Our main actor, was disguised as a beggar, several times he was unfortunately stopped by the police, for sneaking into the subway etc, and people in the recording breaks, gave him money, thinking he was real. 

*The Misrule Film Movement & Pink8 manifesto bring what to mind? 
It brings us to mind, freedom, struggle, resistance, learning and above all, art. 

*What can we expect from your next film? 
From this movie you can expect the best, get excited and entertain. And from our next movie, we hope to have money and help to make it, and win the Oscars, Bafta Goya, the Golden Ball and the NBA ring awards

Interview with filmmaker Harish Gokul

The Truth & Chennai Diaries will be screening at Straight-Jacket Guerrilla Film Festival

*How did you get into making films? 
Passion for writing drove me into making films 

*What inspired you to make your movie? 
The biggest inspiration is real life incidents happening around us 

*How has your style evolved? 
Every story has its own genre. Style depends upon your budget and cast 

*Tell us any strange or funny stories while making the film? 
Every film is an experience to be frank. Since we work on horse shoe budget we always have lot of strange and funny things pilling around us always. 
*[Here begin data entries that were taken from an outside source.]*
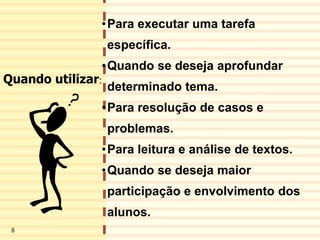 9
•Para executar uma tarefa
específica.
•Quando se deseja aprofundar
determinado tema.
•Para resolução de casos e
problemas.
•Para leitura e análise de textos.
•Quando se deseja maior
participação e envolvimento dos
alunos.
Quando utilizar:
8
 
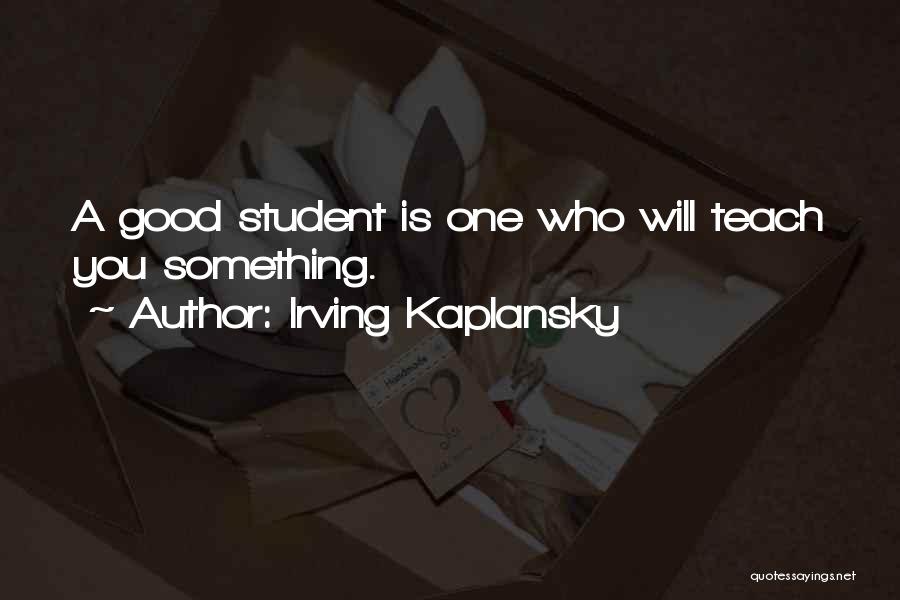 Irving Kaplansky Quotes: A Good Student Is One Who Will Teach You Something.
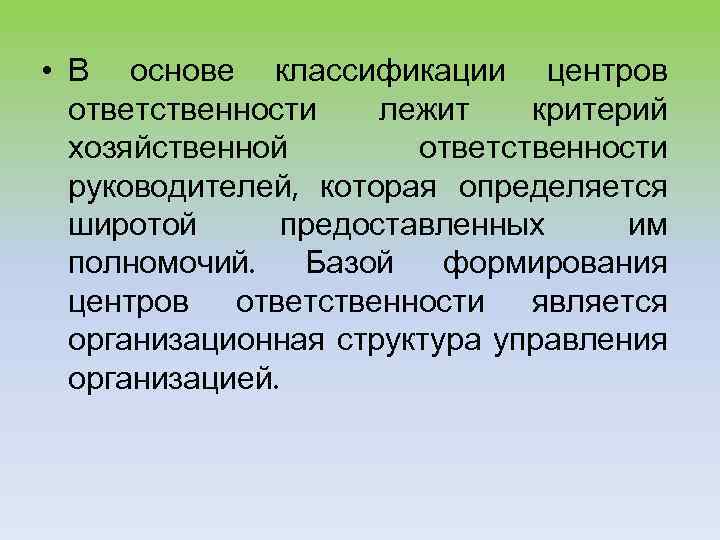  • В основе классификации центров ответственности лежит критерий хозяйственной ответственности руководителей, которая определяется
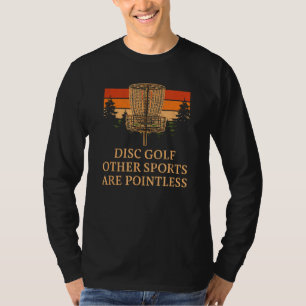 Andere Sportarten sind sinnlose Disc Golf Pub Golf T-Shirt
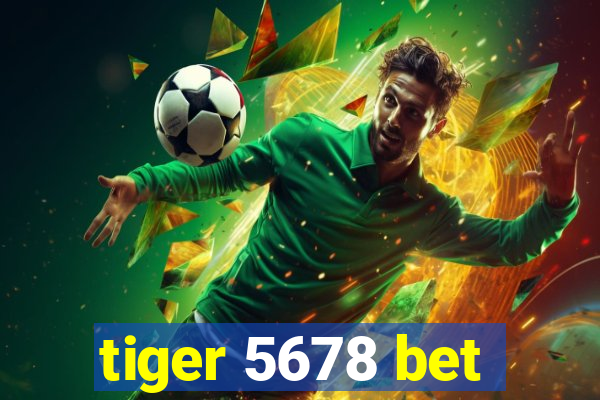 tiger 5678 bet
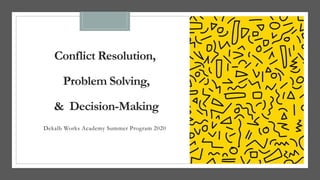 Conflict Resolution,
Problem Solving,
& Decision-Making
Dekalb Works Academy Summer Program 2020
 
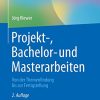 Projekt-, Bachelor- und Masterarbeiten: Von der Themenfindung bis zur Fertigstellung (Studium Pflege, Therapie, Gesundheit), 2e (German Edition) (Original PDF from Publisher)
*The Misrule Film Movement & Pink8 manifesto bring what to mind? 
Opportunity to new film makers. 

*What can we expect from your next film? 
Previous works have been festival oriented. This time its going to be completely fun oriented watchable for all ages

Interview with filmmaker JUAN FRANCISCO OTAÑO

Rebobinado will be screening at the Straight-Jacket Guerrilla Film Festival

*How did you get into making films?
When I was a child I was always attracted to storytelling, listening to story's in a camp bonfire, there is something about the story's and the fire, the light, something ancestral of the human being. I grow up viewing films and series of 80s 90s, comedy and adventure moves are the best for me. I remember that in my English class we had a class book for learning that had a comic inside with a story. When I had to read it in class y made the character voices and the sounds, mi class mates love it, then I realized the power of story telling. In my teenage years a TV series came out in Argentina “los simuladores” I guess one of the best series ever. I understood that I can make something like that in Argentina. Later I studied filmmaking in the University of Buenos Aires.  

*What inspired you to make your movie?
The idea that inspire me to do the movie was, that something that you made in the past wrong like don’t made a goal in the football match or don’t kiss the girl you liked for being coward do you have a second chance, like in a video game that you do a save and load. My personal life made of inspiration for the character, my Love failures and the 30 years old crisis. I want a protagonist bound to the past that is stubborn and naif, that don´t stop of making mistakes to learn and overcome his failures

*How has your style evolved?
My style is eclectic, I like filmmakers like Kurosawa, Spielberg, Guillermo Del Toro, and Sergio Leone. But also like the dynamic of the videoclips and series I was strongly inspired in 80 y 90s movies and series. Malcolm In The Middle, Sabrina the teenage witch, Parker Lewis, Bill and Ted, 3 o clock high, Ground hog day, Indiana Jones, But also Pan´s Labyrinth, The good the bad and the ugly and 7 Samurais. My style y called “ninja” it´s to do the things with the things you can get. In Argentina we have a phrase about this “tie it with wire”, its like do it with you have

*Tell us any strange or funny stories while making the film?
 Well, my department was a deposit for the film equipment and also one of the most important locations of the movie (the protagonist apartment). The department was very small and uncomfortable for shooting. My neighbour was a crazy old woman that didn’t like at all that we shoot there. The first day of shooting of the movie she made a hassle with the administrator of the building, I heard she talking in the hall of the building and I ran. We have a very angry discussion

*The Misrule Film Movement & Pink8 manifesto bring what to mind?
I read the Pink8 manifesto and I like it, But its not my style to film a move. I really love to see a movie film using that manifiesto. I think there are and interest point there, the idea of don’t want to please the mainstream its very important. In Argentina there is a great cultural movement of this kind of movies, there is a festival called “Buenos Aires Rojo Sangre” that join the filmmakers of a different kind of movies (not mainstream), independent movies and genre movies with viewers of this movies. This year this festival celebrates 20 years. The concept of don’t depend on big companies to do movies is GREAT

*What can we expect from your next film?
Mi next movie is going to be a fantastic film. I have several projects. One is about Tango in the 40s in Buenos Aires, Knife, treason, love and death. The other one is about a City without trees and then some children found the last trees. Its more family movie more like “Goonies”

Sunday, 21 July 2019

Interview with filmmaker Alan García

Enter The Deep will be screening at the Straight-Jacket Guerrilla Film Festival

*How did you get into making films? 
From a very young age I always felt attracted to the movies, my sister took me to the vhs video centers to rent movies, it seemed that I was entering Disneyland I was excited to see the covers and all kinds of movies. I decided that I would make films when I grew up, so I dedicated myself to studying film, when I was in the race I was writing Short Films and music videos, then they started inviting me to make movies, then I dedicated myself to audiovisual production. 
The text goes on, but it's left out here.